** TASK GOAL **
Return the full listing word for word, but drop every picture from it.

** DATASET EXTRACT **
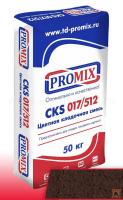 Кладочная смесь Promix CKS 512 коричневая 4800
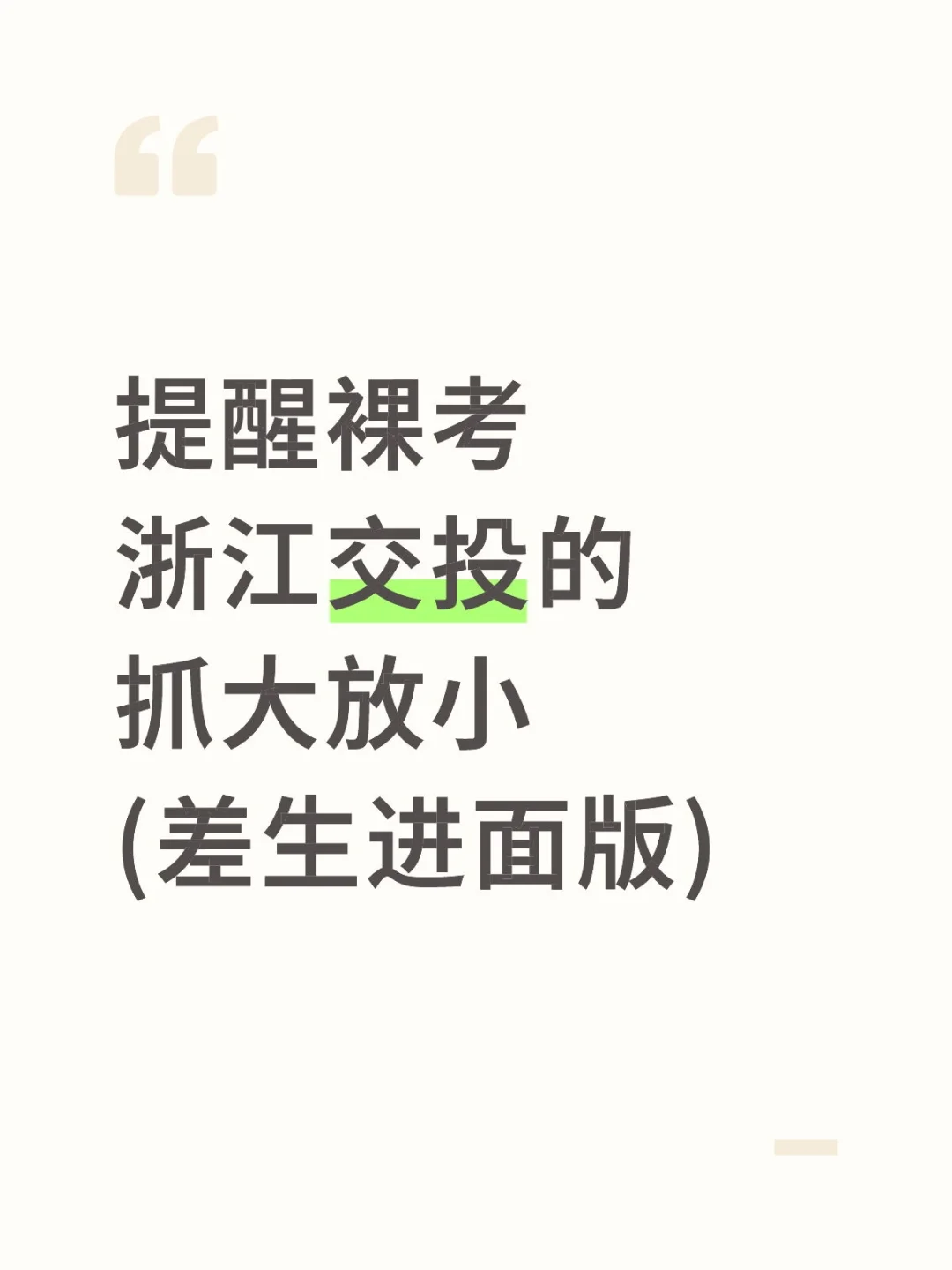 后天浙江建投！抓大放小🔥裸考进面版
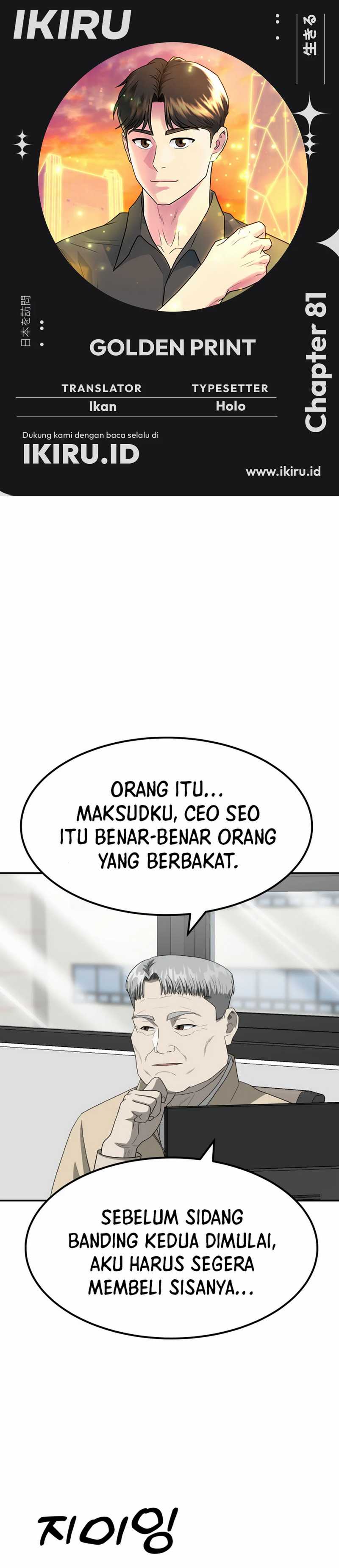 Golden Print Chapter 81 Gambar 1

** EXERCISE ANSWER **
 Кладочная смесь Promix CKS 512 коричневая 4800
 后天浙江建投！抓大放小🔥裸考进面版
 Golden Print Chapter 81 Gambar 1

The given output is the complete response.